C'est dans un recoin de la cour du Palais de justice de Paris, encerclés par les caméras, que les deux camps, avec une symétrie presque parfaite, ont salué chacun son tour le sursis à statuer que venait de décider la commission d'instruction de la Cour de révision.
Cette commission avait trois possibilités: transmettre la demande à la Cour de révision, laquelle aurait le dernier mot sur l'organisation d'un nouveau procès, un événement qui reste exceptionnel en France.
La commission pouvait aussi la rejeter purement et simplement; ou sursoir à statuer, ce qu'elle a fait, faisant valoir que diverses plaintes déposées par Jérôme Kerviel, qui accuse son ex-employeur d'avoir manipulé l'enquête, étaient encore à l'instruction.
La commission a souligné dans sa décision, dont l'AFP a eu copie, qu'il était "dans l'intérêt d'une bonne administration de la justice d'attendre le dénouement de cette instruction", et qu'ensuite seulement elle examinerait le "mérite" de la demande de l'ex-trader.
Ce que ce dernier a interprété comme une victoire: "Ca va être un long combat, on est prêt, j'ai confiance en l'issue de la procédure", a dit Jérôme Kerviel.
"Nous sommes particulièrement satisfaits de ne pas avoir été déboutés", a dit l'avocat de l'ex-trader Me David Koubbi, pour qui le sursis à statuer montre que la démarche en vue d'un nouveau procès est "fondée".
Me Koubbi, avant de partir, a lancé goguenard aux journalistes: "Lorsque nous céderons cette place et qu'elle sera encore chaude, les avocats de la Société générale viendront vous parler de victoire (...) mais je crois que les gens qui vous écoutent ont compris depuis longtemps que dans ce dossier quelque chose avait déraillé."
Cela n'a pas raté: "C'est une victoire pour la Société générale", ont été les premiers mots aux caméras de Me Jean Veil, avocat de la banque.
Pour lui, si la justice a décidé de reporter sa décision, ce n'est pas parce qu'un fait nouveau justifierait de rouvrir le dossier, mais parce que "prudemment, (elle) attendra que les instructions soient terminées" en ce qui concerne les plaintes de l'ex-trader.
Me Jean Veil, sous les lazzis de quelques partisans de Jérôme Kerviel, a par ailleurs assuré qu'il n'y avait "aucun doute" que la demande d'un nouveau procès serait finalement rejetée.
- "Défendre son honneur" -
Jérôme Kerviel et sa défense s'appuient en particulier sur le témoignage de l'ex-enquêtrice de la brigade financière Nathalie Le Roy, qui a dit avoir été manipulée alors qu'elle travaillait sur la colossale perte de la Société générale en 2008.
L'ex-trader, 39 ans, a été condamné à cinq ans de prison dont trois ferme.

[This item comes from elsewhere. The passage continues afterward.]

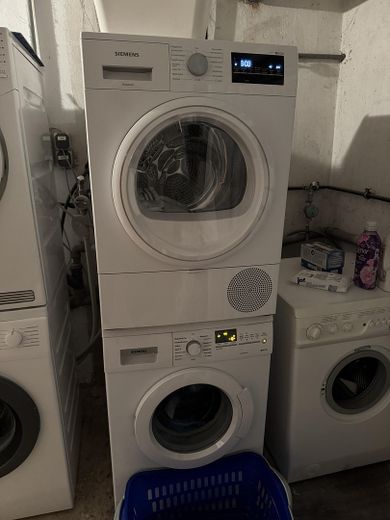 Waschmaschine und Trockner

Il avait finalement été remis en liberté conditionnelle en septembre 2014.
L'affaire Kerviel n'en finit plus de rebondir depuis huit ans déjà, autant dans les médias que dans les prétoires.

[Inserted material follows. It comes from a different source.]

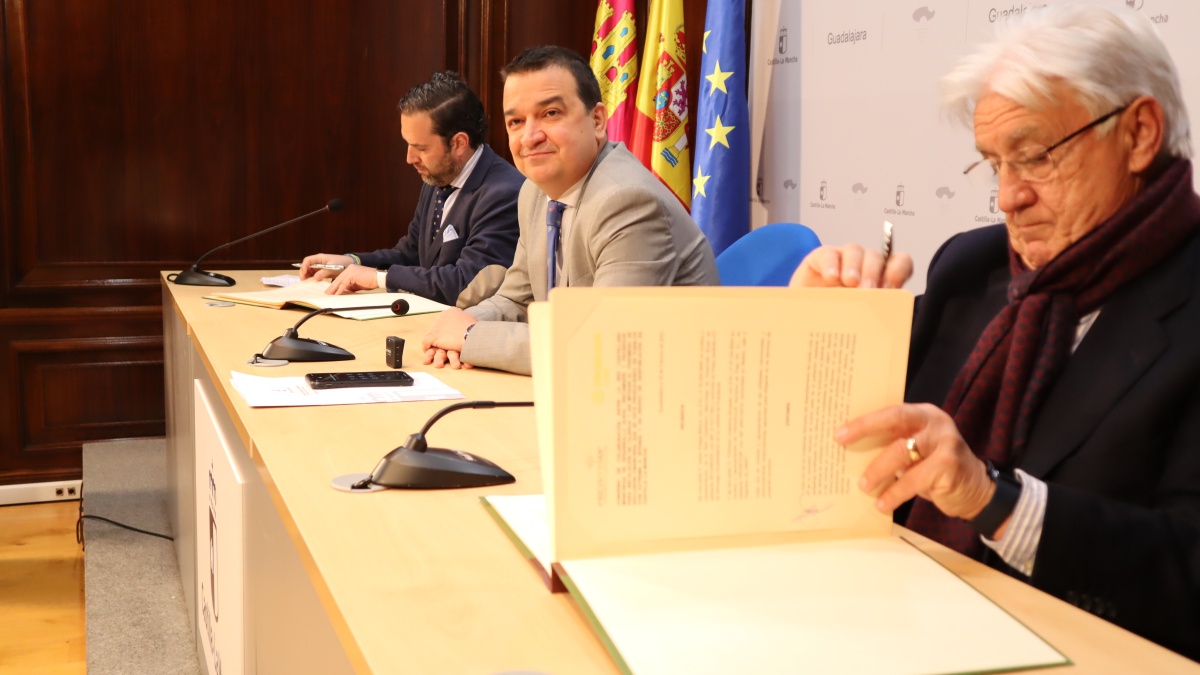 El Gobierno regional respalda la instalación de un centenar de cajeros en el medio rural para evitar la exclusión financiera de los habitantes de los pueblos/ Imagen: JCCM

Lundi encore l'un des fervents partisans de Jérôme Kerviel, le candidat à la présidentielle Jean-Luc Mélenchon, appelait dans Le Monde la justice à "défendre son honneur et sa crédibilité dans cette affaire".

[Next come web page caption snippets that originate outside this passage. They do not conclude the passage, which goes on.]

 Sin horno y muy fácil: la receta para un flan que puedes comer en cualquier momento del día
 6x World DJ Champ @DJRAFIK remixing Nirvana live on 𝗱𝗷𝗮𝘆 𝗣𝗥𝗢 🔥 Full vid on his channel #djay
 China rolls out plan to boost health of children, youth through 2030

Le prochain épisode important pour l'ancien trader se jouera du 15 au 17 juin lorsque la cour d'appel examinera le volet civil de l'affaire, c'est-à-dire les dommages-intérêts réclamés par la Société générale.
La banque avait d'abord obtenu que Jérôme Kerviel soit condamné à rembourser l'intégralité de sa gigantesque perte, mais le jugement avait été cassé, au motif que les mécanismes de contrôle de la Société générale avaient failli.
Le résultat de ce procès civil intéresse aussi les finances publiques.
Le géant bancaire a touché 2,197 milliards d'euros en 2009 et 2010, de la part de l'État, au titre d'un régime fiscal accordé aux entreprises déficitaires et victimes de fraude. La question de la restitution de cette somme pourrait se poser, si la cour d'appel devait pointer une importante responsabilité de la banque.